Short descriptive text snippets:
**********

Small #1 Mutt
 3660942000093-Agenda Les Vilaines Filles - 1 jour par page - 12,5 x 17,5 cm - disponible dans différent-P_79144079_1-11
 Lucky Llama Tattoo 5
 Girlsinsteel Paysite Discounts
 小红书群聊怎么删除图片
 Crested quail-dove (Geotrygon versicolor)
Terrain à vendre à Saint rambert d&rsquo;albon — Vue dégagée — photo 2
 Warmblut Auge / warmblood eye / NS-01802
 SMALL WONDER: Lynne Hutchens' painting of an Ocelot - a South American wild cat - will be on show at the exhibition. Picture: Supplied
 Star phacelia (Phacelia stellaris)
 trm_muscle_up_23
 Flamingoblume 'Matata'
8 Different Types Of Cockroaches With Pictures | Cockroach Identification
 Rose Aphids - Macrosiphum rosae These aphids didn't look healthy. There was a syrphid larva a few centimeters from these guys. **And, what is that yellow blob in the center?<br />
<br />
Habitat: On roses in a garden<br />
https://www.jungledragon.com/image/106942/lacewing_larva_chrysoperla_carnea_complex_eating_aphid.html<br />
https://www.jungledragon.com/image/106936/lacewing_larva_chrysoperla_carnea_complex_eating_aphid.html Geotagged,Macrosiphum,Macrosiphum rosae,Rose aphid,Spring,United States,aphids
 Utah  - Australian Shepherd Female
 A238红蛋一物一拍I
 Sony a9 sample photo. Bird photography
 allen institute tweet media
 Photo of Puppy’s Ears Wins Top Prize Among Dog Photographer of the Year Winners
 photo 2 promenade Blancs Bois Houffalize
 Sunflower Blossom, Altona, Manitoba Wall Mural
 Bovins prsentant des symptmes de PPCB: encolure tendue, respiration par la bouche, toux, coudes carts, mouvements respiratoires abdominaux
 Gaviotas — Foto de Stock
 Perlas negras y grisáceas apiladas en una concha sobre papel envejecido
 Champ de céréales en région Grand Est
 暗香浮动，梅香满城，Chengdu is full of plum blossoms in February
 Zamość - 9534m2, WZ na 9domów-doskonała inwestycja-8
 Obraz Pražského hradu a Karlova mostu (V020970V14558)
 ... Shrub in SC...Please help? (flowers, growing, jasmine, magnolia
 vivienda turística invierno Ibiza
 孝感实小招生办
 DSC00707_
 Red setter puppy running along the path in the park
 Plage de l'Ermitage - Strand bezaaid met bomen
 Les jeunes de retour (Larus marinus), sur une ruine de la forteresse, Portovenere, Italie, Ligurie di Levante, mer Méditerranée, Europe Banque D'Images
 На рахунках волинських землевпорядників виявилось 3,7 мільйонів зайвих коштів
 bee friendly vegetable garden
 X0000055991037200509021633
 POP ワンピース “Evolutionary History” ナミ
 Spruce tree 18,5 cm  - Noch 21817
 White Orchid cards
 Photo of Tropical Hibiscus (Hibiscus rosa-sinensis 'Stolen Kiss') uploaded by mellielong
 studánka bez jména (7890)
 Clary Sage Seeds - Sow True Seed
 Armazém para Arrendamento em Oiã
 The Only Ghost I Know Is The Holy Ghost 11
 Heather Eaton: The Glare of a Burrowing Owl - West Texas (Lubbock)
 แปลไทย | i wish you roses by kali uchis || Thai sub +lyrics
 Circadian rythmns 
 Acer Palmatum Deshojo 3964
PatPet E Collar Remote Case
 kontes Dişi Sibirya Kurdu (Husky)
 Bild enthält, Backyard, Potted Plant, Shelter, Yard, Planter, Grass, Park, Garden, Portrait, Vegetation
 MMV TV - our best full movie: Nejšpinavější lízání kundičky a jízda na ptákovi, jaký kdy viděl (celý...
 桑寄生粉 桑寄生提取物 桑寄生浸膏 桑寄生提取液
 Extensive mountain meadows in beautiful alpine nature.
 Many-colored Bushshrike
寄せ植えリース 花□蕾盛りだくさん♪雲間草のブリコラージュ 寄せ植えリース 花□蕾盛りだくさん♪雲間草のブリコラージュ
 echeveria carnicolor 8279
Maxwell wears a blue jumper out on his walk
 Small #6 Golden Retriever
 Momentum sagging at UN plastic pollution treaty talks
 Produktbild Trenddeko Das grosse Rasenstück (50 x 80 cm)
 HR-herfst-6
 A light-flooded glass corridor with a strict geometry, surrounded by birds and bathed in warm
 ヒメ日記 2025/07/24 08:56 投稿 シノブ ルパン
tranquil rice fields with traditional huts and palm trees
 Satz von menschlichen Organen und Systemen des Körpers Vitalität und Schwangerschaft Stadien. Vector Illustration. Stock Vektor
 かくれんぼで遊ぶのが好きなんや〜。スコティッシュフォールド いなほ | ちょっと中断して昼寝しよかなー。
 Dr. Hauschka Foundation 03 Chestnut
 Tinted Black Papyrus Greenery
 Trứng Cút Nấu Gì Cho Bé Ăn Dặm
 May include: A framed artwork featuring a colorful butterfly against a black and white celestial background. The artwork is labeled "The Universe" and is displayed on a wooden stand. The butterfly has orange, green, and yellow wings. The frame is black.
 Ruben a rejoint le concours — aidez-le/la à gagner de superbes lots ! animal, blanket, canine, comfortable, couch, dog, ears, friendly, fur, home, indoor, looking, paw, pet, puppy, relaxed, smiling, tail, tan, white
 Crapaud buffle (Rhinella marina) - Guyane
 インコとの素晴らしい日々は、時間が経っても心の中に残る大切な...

**********

#### PROBLEM STATEMENT
The entries above hold the needed span. Transcribe exactly the lines from the one with "Champ de céréales en région Grand Est" to the one with "Plage de l'Ermitage", both included.

#### WRITTEN ANSWER
 Champ de céréales en région Grand Est
 暗香浮动，梅香满城，Chengdu is full of plum blossoms in February
 Zamość - 9534m2, WZ na 9domów-doskonała inwestycja-8
 Obraz Pražského hradu a Karlova mostu (V020970V14558)
 ... Shrub in SC...Please help? (flowers, growing, jasmine, magnolia
 vivienda turística invierno Ibiza
 孝感实小招生办
 DSC00707_
 Red setter puppy running along the path in the park
 Plage de l'Ermitage - Strand bezaaid met bomen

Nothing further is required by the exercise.